WINNIPEG — Winnipeg lawyer and human rights advocate David Matas has been nominated for the 2010 Nobel Peace Prize for his work on behalf of Falun Gong followers in China who are being killed for their organs.
Matas has been nominated along with former MP David Kilgour for their work over the past four years to alert the international community to the situation in China.
“It’s an honour to be nominated,” Matas said this morning. “David Kilgour and I have been working on this issue since 2006.
“Our goal is to stop this abuse. I can’t say it’s stopped yet.”
Matas and Kilgour won the prestigious 2009 Human Rights Award from the International Society for Human Rights for their work.
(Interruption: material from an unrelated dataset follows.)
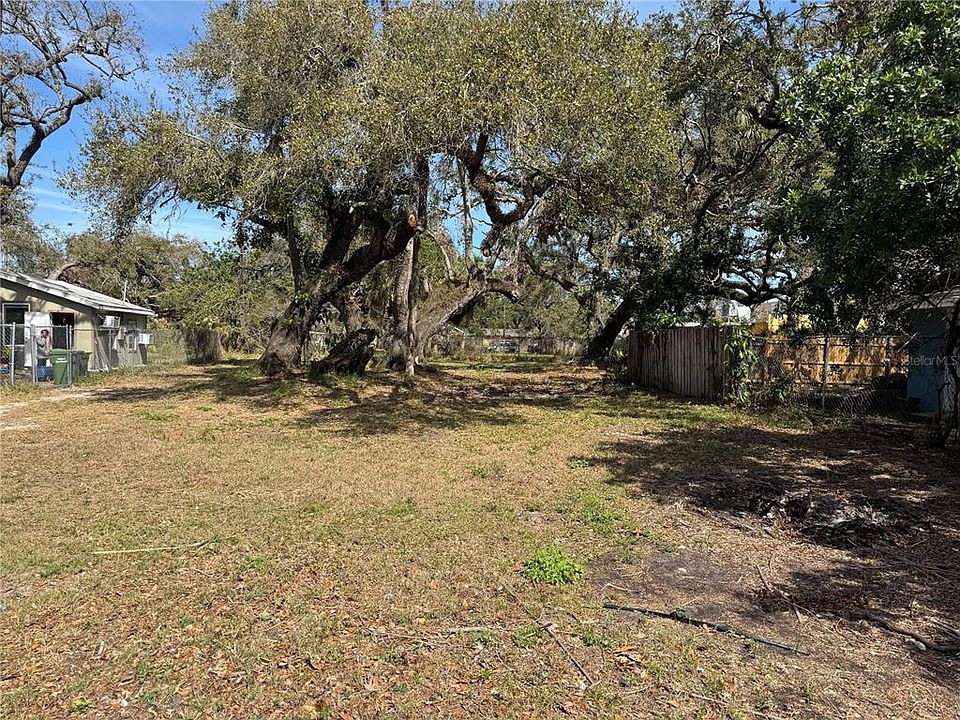 1st image of 1575 19th St #22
They were nominated for the Nobel Peace Prize separately by federal MP Borys Wrzesnewskyj and Balfour Hakak, chairman of the Hebrew Writers Association in Israel.
Matas said Falun Gong followers are persecuted, jailed and executed in China but he said he’s found no evidence to link their death and organ harvesting to the central Chinese government.
Matas and Kilgour have issued three reports on the Falun Gong organ harvesting, the last written as a book, Bloody Harvest: The killing of Falun Gong for their organs.
The Nobel Peace Prize for 2009 was awarded to U.S. president Barack Obama.
This year’s Nobel Peace Prize ceremony will take place Dec. 10 in Oslo, Norway.